RE: Intro and Thoughts on CSV2RDF from Tandy, Jeremy on 2014-02-14 (public-csv-wg@w3.org from February 2014)

From: Tandy, Jeremy <jeremy.tandy@metoffice.gov.uk>
Date: Fri, 14 Feb 2014 10:31:08 +0000
To: Juan Sequeda <juanfederico@gmail.com>, "public-csv-wg@w3.org" <public-csv-wg@w3.org>
Message-ID: <2624871D9A05174691BD59F8EFD68AE2B3258D@EXXCMPD1DAG3.cmpd1.metoffice.gov.uk>
Hi Juan - thanks for your thoughts. I note that currently we don't have any use cases on the wiki<https://www.w3.org/2013/csvw/wiki/Use_Cases> that discuss publication of (semantically enabled) CSV from relational database tables.
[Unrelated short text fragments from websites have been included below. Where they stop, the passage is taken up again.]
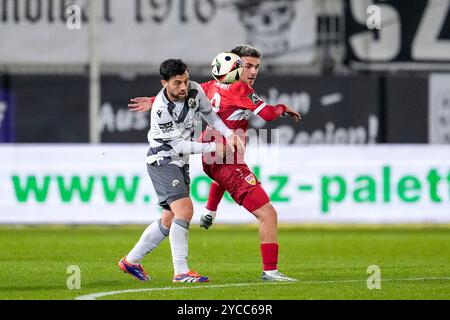 Sandhausen, Deutschland. Oktober 2024. v.li.: Besar Halimi (SVS, 11), Samuele Di Benedetto (VfB II, 8), Zweikampf, Spielszene, Duell, Duell, Tackle, Tackling, Dynamik, Action, Aktion, 22.10.2024, Sandhausen (Deutschland), Fussball, 3. LIGA, SV SANDHAUSEN - VFB STUTTGART II, DFB/DFL VORSCHRIFTEN VERBIETEN DIE VERWENDUNG VON FOTOGRAFIEN ALS BILDSEQUENZEN UND/ODER QUASI-VIDEO. Quelle: dpa/Alamy Live News Stockfoto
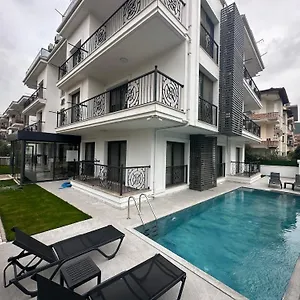 Arti̇m Apartahotel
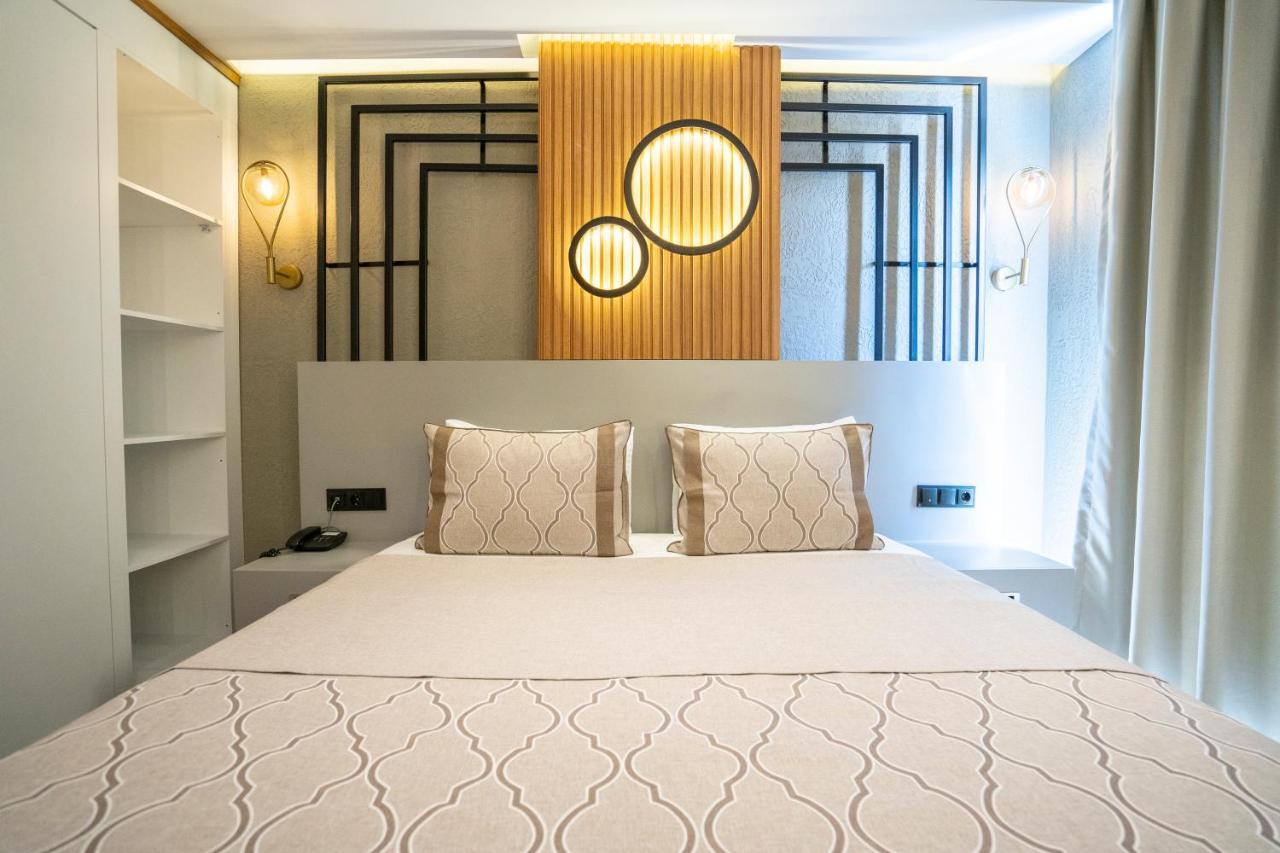 Otel & *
We need use cases, expressed as a user-driven / outcome-driven narrative (e.g. tell a story about what someone is trying to achieve rather than use abstract functional requirements) with real data examples, in order to establish our requirements for the eventual spec.
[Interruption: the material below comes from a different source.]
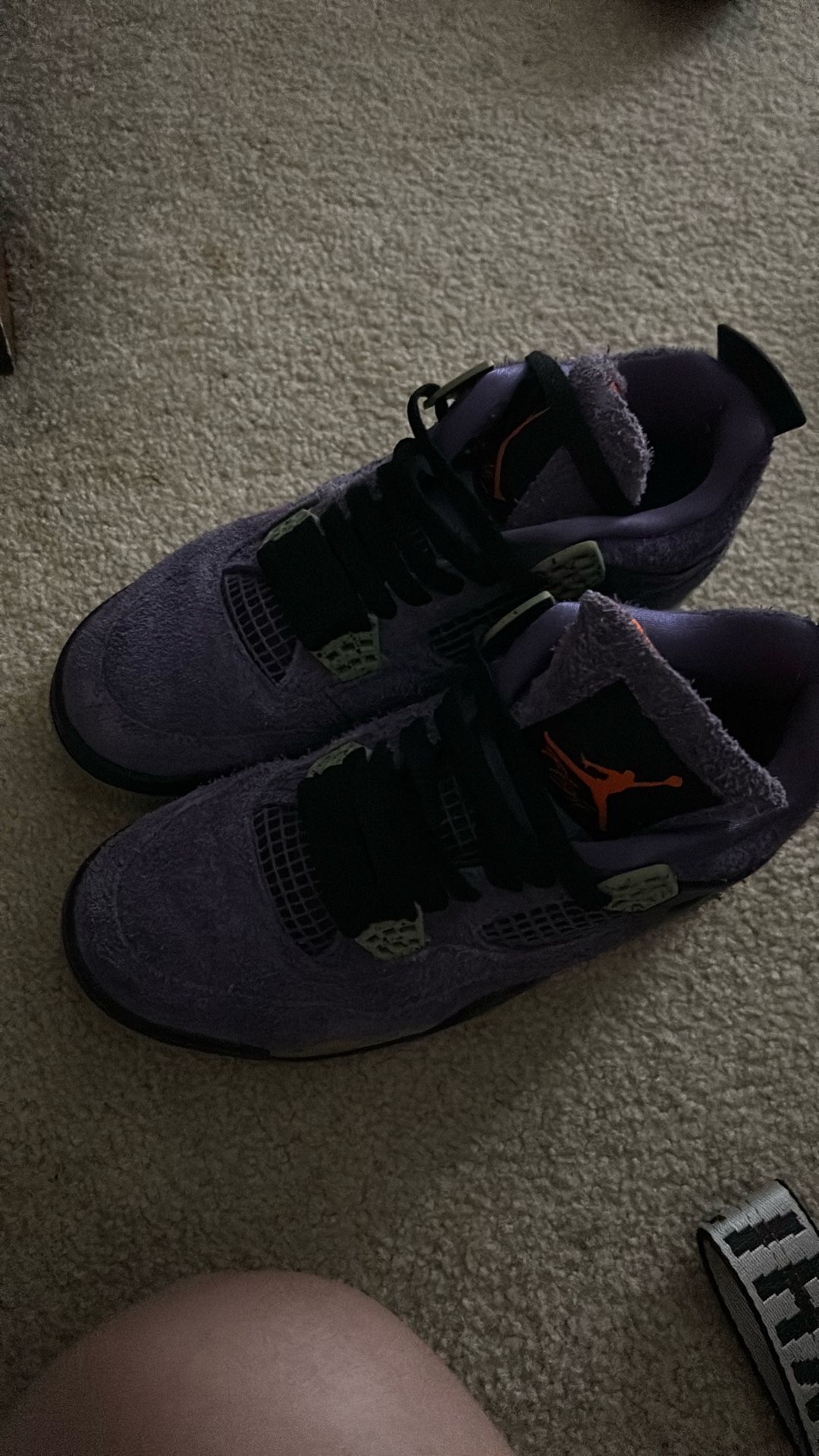 Jordan 4 
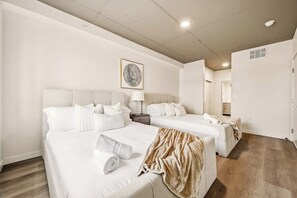 Tabla de planchar con plancha, wifi gratis, ropa de cama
Can you add something to the wiki please so that I can incorporate it into the "Use cases and requirements" documentation?

Many thanks, Jeremy

From: Juan Sequeda [mailto:juanfederico@gmail.com]
Sent: 12 February 2014 16:58
To: public-csv-wg@w3.org
Subject: Intro and Thoughts on CSV2RDF

All,

Quick intro (even though I did make an intro on the first call): I'm finishing my PhD in CS at UT Austin. My research focuses on the integration of relational databases with the semantic web. A result of my research is Ultrawrap [1], a Relational Database to RDF (RDB2RDF) system capable of running SPARQL queries as fast as SQL queries. Ultrawrap has been productized and is compliant with the W3C Direct Mapping and R2RML standards for RDB2RDF. Ultrawrap is currently being commercialized by my startup, Capsenta [2]. Ultrawrap is being used to generate the RDF dumps of Musicbrainz. Additionally, the data behind Constitute Project [3] comes from hundreds of CSVs and converted to RDF using Ultrawrap.  I've been involved in the RDB2RDF space since the first workshop in 2007, XG, WG, editor of the Direct Mapping spec and implementor of both standards.

So... I believe I can bring some thoughts to the table wrt CSV to RDF. Part of these thoughts come from conversations that I have had previously with danbri.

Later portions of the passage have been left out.